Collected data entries
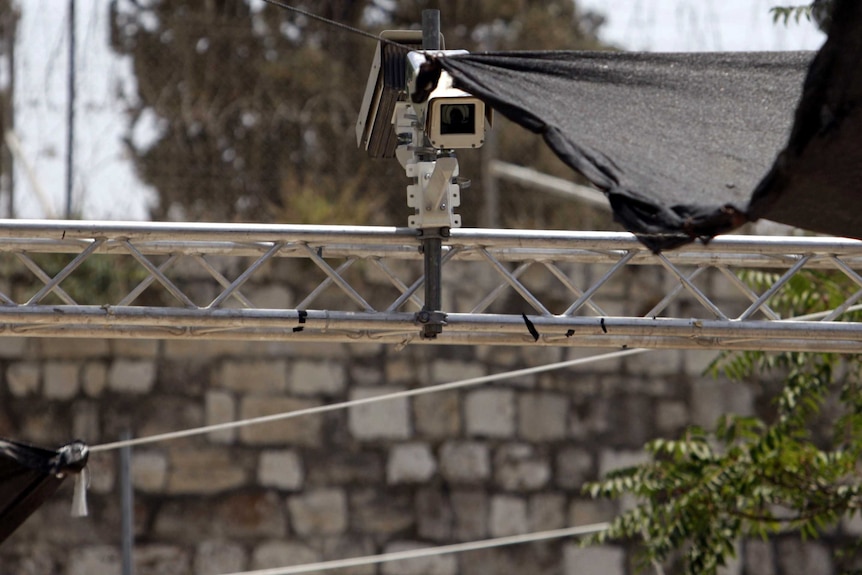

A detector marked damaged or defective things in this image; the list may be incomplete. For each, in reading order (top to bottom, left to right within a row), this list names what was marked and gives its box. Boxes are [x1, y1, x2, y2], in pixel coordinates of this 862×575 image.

torn black tarp edge [0, 438, 88, 548]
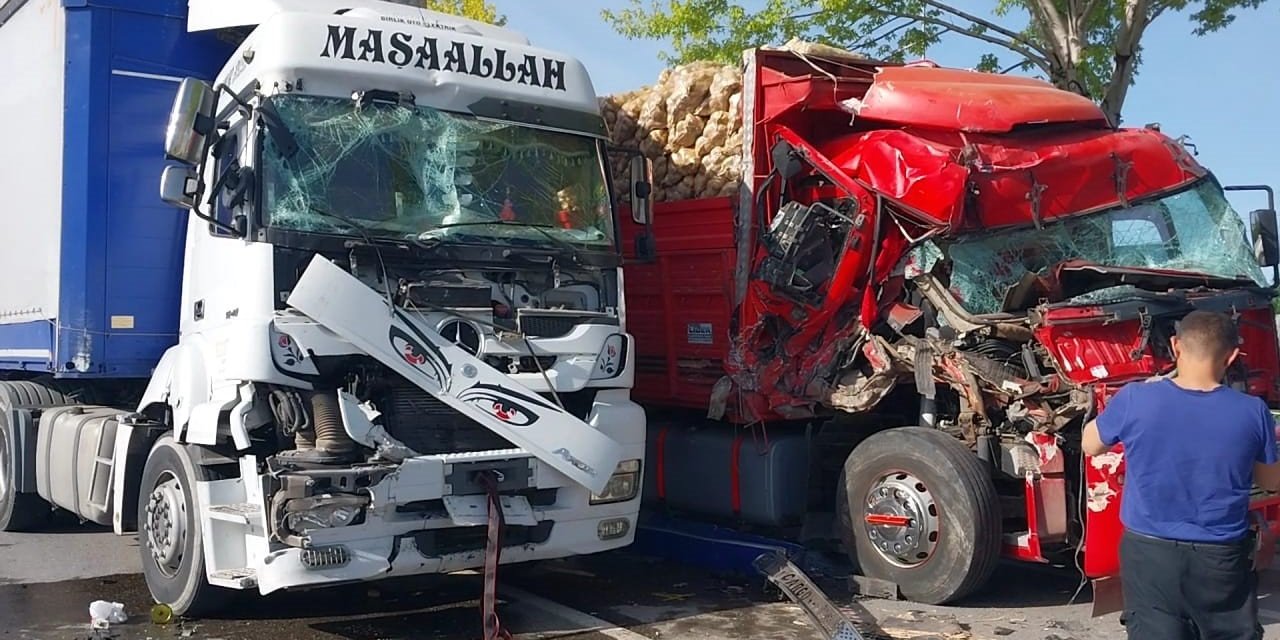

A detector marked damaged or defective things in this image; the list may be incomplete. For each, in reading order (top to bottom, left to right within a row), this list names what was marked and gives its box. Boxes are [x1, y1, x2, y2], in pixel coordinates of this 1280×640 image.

white crashed truck [0, 0, 656, 616]
shattered windshield [258, 95, 616, 248]
red crashed truck [616, 47, 1280, 608]
shattered windshield [924, 180, 1264, 316]
broken headlight [592, 460, 640, 504]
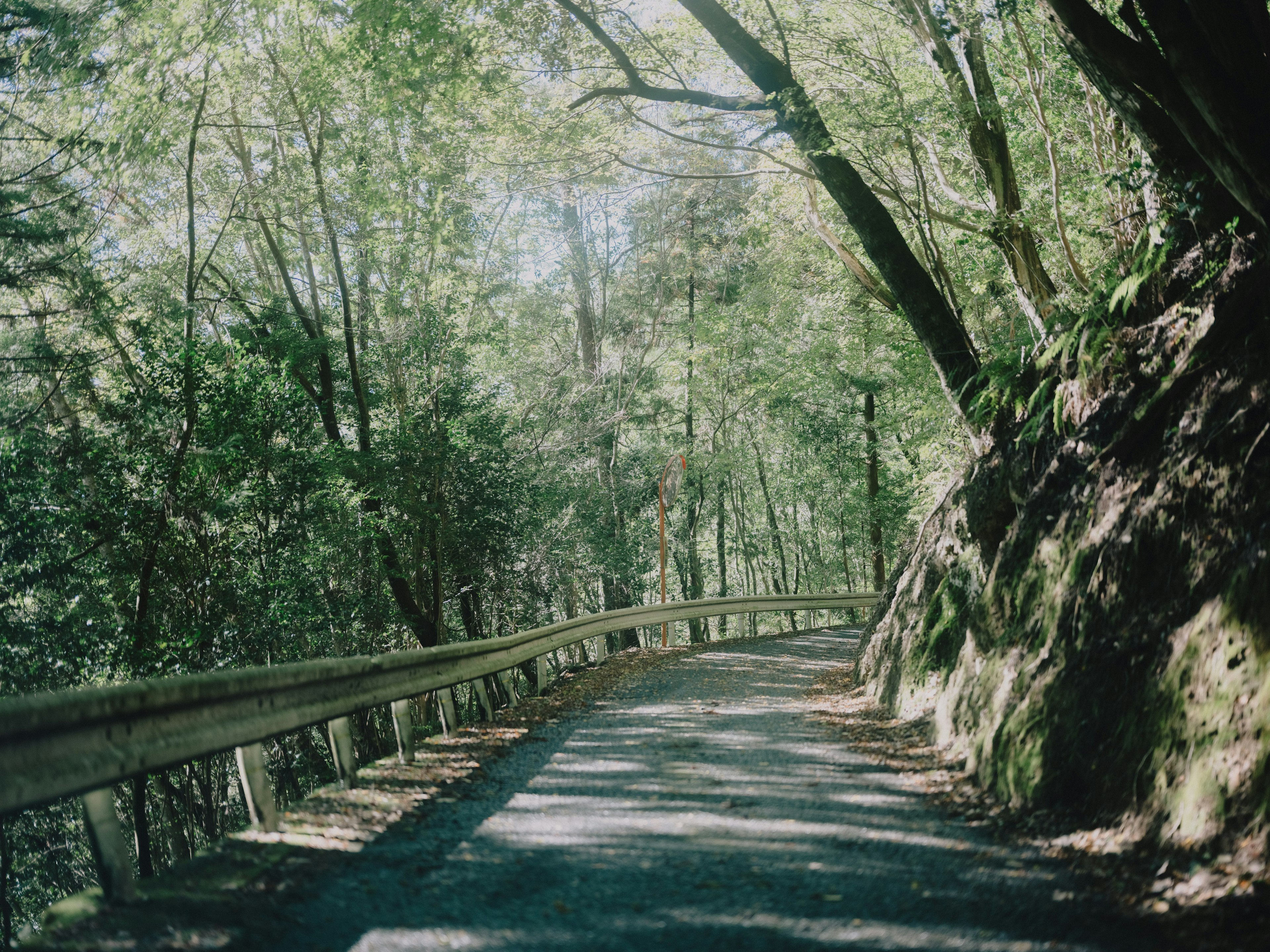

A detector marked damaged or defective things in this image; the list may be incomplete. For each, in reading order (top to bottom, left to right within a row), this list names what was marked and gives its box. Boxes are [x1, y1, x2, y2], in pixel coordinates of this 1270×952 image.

rusted guardrail rail [0, 596, 873, 904]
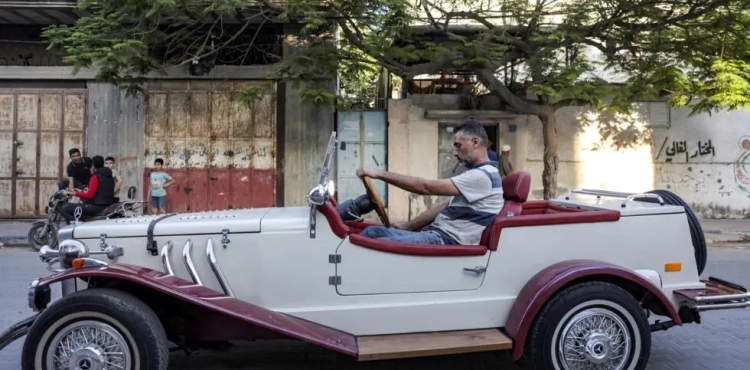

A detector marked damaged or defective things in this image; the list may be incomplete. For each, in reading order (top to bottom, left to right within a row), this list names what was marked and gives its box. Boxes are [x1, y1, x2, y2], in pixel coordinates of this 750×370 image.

rusty metal door [0, 88, 86, 218]
rusty metal door [142, 82, 278, 212]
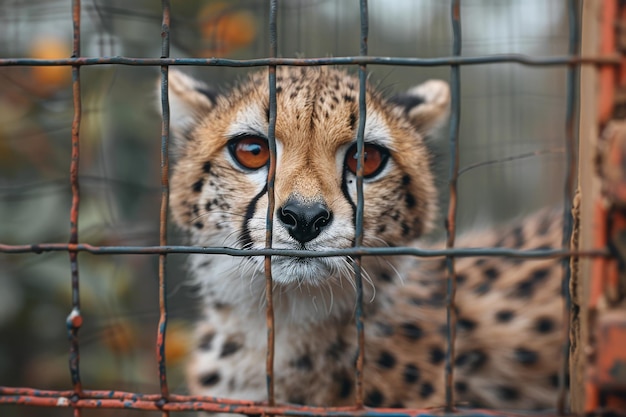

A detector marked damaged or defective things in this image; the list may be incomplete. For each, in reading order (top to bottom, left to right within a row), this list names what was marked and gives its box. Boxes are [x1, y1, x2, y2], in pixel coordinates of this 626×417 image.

rusty metal bar [67, 1, 83, 414]
rusty metal bar [0, 239, 604, 258]
rusty metal bar [442, 0, 460, 410]
rusty metal bar [556, 1, 580, 412]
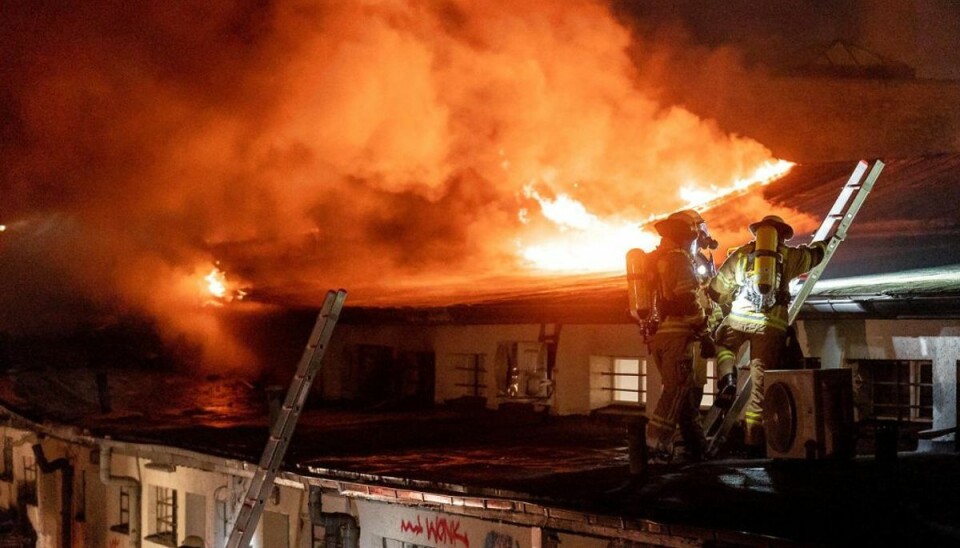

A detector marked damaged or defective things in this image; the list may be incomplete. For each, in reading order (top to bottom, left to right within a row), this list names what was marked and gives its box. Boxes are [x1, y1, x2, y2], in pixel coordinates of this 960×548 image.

fire-damaged roof [342, 154, 960, 324]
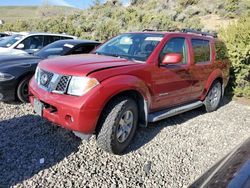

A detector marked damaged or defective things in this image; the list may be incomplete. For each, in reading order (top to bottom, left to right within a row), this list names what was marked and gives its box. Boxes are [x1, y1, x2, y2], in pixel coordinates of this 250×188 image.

WORK TO COMPLETE → Transcribe each record exactly as it appears, but omit every picture.

RESPONSE FOR THIS EXERCISE →
A detector marked damaged or defective things in this image; the list may be incomplete. For each, in reading order (top to bottom, left to right within a row), this list names what was marked and gives its box. Boxes are [x1, y1, x2, y2], in pixel coordinates of this 862×575 image.

torn black tarp edge [0, 438, 88, 548]

A detector marked damaged or defective things in this image; the list may be incomplete. For each, in reading order (top to bottom, left to right within a row), this list names what was marked and gives its box. Boxes are [x1, y1, x2, y2], in pixel coordinates of this 1280×640 image.

white crashed truck [0, 0, 656, 616]
shattered windshield [258, 95, 616, 248]
red crashed truck [616, 47, 1280, 608]
shattered windshield [924, 180, 1264, 316]
broken headlight [592, 460, 640, 504]

A detector marked damaged or defective things in this image; the list may be incomplete. For each, in reading order (top to bottom, left to right within a row), this list names what was marked and gives its box. Boxes are [x1, y1, x2, y2], in pixel coordinates of this 1270×952 image.

rusted guardrail rail [0, 596, 873, 904]

A detector marked damaged or defective things in this image; the list may be incomplete. For each, in reading order (top to bottom, left to right within a row), this list names what was marked and gives its box. Boxes are [x1, y1, x2, y2], in pixel coordinates of this 750×370 image.

rusty metal door [0, 88, 86, 218]
rusty metal door [142, 82, 278, 212]

A detector marked damaged or defective things in this image; the list may be incomplete. For each, in reading order (top to bottom, left to right within a row), this list names what was marked and gives its box. Boxes are [x1, y1, x2, y2], in pixel coordinates of this 626×417 image.

rusty metal bar [67, 1, 83, 414]
rusty metal bar [0, 239, 604, 258]
rusty metal bar [442, 0, 460, 410]
rusty metal bar [556, 1, 580, 412]

A detector marked damaged or defective things in this image; the list may be incomplete. For each, in reading order (top to bottom, left to right within a row), this list names what was marked and gives its box. Boxes are [x1, y1, x2, y2], in pixel coordinates of this 960×548 image.

fire-damaged roof [342, 154, 960, 324]

A detector marked damaged or defective things in this image; the list may be incomplete. For each, in reading order (top to bottom, left to right within a row), this list names what was marked and gives its box. Boxes are [x1, y1, x2, y2], in pixel coordinates of this 250×188 image.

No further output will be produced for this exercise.